Although John Hartwell Cocke owned slaves at Bremo Plantation, he was opposed to the institution in principle and believed it was his obligation as their master to instruct his slaves and eventually return them to the African continent. Cocke first constructed a brick structure on the plantation in 1825 for his slaves, who had been gathering for worship as early as 1821.

In 1834, Cocke began constructing the schoolhouse-style building and hired a student from Princeton Theological Seminary to teach his slaves. However, the instructor left by September 1835 because of local public outcry against teaching slaves. Cocke had been publicly confronted and badly beaten that year for his efforts. Teaching literacy to slaves was illegal at that time in the state. Cocke later recruited young Presbyterian minister Courtland Van Rensselaer to minister to his slaves. Van Rensselaer dedicated the chapel on behalf of the slaves in November 1837.

===Post-abolition use===
The chapel was no longer used for some time after the American Civil War. John Hartwell Cocke died in 1866 and slavery had been abolished by the time the plantation was passed down to his surviving son Cary Charles Cocke. In 1881, Cary Charles Cocke, William Cocke and Charles E. Cosby purchased land in Bremo Bluff that would become the present site of the chapel. By February 14, 1884, the building had been moved east from Chapel Field in Lower Bremo to the village center of Bremo Bluff, where it was consecrated as Grace Church by Episcopal Bishop Alfred M. Randolph. Services were held at this location until a newer brick church was built in 1924 and the chapel was moved a short distance to the north, where it was severely damaged by a falling tree the following year. After substantial reconstruction, it has since been used as the parish hall.

==Architecture==
The identity of the architect is uncertain, but is presumed by the Virginia Department of Historic Resources to be John Hartwell Cocke.

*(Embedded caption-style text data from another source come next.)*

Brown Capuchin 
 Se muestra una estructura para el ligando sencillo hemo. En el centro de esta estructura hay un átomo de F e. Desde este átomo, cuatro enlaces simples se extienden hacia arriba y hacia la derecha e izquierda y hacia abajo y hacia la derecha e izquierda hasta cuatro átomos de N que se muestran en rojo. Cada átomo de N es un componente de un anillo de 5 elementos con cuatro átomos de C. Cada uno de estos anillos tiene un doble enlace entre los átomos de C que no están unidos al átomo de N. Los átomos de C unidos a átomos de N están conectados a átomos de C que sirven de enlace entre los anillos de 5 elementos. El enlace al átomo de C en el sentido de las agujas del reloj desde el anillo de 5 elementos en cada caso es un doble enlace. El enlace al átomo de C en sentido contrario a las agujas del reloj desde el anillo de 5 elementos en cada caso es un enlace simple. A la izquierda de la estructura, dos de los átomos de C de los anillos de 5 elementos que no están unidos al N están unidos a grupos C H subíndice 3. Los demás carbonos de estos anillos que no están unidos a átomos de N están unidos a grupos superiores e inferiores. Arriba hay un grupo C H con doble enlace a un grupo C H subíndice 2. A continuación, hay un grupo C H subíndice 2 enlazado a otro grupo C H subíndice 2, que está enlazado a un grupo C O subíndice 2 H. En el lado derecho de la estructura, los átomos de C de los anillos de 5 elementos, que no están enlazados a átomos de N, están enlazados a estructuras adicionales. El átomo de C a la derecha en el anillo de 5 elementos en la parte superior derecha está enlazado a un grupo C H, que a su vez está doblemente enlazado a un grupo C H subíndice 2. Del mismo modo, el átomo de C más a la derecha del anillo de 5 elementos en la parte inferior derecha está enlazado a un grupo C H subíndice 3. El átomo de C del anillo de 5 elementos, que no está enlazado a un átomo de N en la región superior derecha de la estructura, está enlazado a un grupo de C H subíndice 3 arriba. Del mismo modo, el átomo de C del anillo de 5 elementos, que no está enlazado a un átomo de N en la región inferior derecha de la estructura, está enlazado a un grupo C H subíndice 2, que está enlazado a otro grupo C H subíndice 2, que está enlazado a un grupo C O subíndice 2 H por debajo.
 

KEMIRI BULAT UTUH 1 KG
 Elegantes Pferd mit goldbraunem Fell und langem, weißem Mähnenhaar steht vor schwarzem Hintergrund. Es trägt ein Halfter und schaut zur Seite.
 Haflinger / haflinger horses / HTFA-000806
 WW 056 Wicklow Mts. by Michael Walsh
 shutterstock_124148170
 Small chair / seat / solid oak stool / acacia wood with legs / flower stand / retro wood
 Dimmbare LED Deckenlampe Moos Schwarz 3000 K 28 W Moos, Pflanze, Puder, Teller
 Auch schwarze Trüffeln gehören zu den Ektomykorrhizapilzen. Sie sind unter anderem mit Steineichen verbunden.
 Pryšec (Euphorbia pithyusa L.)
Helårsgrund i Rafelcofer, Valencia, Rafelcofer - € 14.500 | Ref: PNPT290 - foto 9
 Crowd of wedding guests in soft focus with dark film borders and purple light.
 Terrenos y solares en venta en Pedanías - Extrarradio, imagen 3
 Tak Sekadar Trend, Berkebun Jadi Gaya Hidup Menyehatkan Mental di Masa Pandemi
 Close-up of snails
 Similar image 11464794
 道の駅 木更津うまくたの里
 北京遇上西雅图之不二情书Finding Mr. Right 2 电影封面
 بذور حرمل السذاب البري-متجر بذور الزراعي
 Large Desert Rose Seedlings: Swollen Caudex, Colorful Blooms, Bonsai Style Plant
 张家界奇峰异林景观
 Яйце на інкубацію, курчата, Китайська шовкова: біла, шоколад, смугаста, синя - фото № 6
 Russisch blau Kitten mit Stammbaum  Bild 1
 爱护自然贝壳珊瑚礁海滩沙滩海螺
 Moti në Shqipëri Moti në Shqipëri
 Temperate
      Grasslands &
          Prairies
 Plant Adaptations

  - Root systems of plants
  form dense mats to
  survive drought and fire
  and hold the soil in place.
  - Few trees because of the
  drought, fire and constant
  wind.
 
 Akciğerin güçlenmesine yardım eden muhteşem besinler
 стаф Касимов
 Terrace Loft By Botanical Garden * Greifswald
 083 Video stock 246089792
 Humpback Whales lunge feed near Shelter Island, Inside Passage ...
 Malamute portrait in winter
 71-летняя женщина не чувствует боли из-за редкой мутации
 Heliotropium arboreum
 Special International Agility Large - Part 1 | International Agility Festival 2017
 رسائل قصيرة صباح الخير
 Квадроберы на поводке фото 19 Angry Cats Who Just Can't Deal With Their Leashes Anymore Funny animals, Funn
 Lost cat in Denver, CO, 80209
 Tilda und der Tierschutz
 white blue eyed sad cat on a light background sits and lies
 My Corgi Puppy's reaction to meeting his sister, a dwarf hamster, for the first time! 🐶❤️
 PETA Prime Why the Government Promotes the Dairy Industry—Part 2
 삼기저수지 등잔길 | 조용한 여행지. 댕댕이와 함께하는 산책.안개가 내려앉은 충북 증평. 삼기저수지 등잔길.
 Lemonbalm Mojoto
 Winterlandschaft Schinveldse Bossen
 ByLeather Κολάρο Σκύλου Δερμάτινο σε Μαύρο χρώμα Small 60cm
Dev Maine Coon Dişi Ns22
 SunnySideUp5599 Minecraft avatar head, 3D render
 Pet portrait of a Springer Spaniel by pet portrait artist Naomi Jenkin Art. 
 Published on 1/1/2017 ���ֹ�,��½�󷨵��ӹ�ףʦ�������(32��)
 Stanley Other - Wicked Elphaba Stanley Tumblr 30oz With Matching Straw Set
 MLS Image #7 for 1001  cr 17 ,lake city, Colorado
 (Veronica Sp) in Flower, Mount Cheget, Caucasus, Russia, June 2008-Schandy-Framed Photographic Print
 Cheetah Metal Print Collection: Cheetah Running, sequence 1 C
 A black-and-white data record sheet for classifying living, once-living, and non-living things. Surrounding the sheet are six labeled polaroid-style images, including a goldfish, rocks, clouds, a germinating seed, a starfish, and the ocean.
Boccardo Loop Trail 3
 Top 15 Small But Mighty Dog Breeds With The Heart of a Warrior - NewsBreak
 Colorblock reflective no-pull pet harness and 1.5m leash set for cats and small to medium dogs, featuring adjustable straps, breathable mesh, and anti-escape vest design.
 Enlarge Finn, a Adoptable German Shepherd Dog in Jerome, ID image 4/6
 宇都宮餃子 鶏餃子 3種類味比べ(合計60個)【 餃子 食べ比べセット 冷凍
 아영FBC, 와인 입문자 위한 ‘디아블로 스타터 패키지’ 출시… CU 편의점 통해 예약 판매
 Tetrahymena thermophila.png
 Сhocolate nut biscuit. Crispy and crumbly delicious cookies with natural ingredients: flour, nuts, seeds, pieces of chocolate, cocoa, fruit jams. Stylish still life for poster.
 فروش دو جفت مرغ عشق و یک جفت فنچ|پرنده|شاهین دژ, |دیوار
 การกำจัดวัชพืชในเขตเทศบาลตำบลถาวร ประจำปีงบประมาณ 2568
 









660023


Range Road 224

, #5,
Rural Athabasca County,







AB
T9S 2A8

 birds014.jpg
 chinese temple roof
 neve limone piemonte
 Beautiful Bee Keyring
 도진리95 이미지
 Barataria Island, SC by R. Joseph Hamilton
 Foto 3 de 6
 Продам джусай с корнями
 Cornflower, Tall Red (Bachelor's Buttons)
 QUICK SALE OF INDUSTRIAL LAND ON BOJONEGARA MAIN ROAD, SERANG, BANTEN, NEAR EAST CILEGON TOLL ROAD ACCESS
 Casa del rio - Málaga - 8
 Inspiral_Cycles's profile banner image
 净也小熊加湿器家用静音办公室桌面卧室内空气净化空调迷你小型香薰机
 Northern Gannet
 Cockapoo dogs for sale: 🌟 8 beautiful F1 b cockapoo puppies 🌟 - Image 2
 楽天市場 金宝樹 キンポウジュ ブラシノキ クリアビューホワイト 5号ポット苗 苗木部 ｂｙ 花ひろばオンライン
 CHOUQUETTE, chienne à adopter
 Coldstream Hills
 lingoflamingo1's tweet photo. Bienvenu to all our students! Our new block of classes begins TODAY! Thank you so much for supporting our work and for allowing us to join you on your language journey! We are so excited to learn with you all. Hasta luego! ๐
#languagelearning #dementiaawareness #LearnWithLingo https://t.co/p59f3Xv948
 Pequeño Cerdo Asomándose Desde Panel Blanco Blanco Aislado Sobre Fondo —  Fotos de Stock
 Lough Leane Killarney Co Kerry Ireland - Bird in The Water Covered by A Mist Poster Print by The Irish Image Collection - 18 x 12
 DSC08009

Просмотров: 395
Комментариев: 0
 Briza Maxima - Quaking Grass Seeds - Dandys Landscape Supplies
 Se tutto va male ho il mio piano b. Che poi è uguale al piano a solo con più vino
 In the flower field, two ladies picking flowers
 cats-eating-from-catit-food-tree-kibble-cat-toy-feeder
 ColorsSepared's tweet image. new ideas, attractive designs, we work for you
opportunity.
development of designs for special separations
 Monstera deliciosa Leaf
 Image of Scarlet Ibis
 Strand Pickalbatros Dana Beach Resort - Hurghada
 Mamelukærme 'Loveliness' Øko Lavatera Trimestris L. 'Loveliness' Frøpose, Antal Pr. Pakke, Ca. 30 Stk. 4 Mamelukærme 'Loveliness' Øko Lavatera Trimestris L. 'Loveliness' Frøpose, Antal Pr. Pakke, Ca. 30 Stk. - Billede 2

The rectangular brick foundation is arranged in a stretcher bond. The building measures 24 ft 5 in by 43 ft 4 in, and is covered by a simple gable roof with slate shingles and three chimneys. The exterior walls utilize board and batten construction. The main entrance on the east side features Gothic double doors; the chapel's sash windows are similarly arched. The interior includes an auditorium, a sanctuary, and a kitchen in the back. The building underwent significant modification during its move in the late 19th century and a vestry was added in the 20th century. Brick facing and steps with an iron railing were added to the front of the chapel in 1966.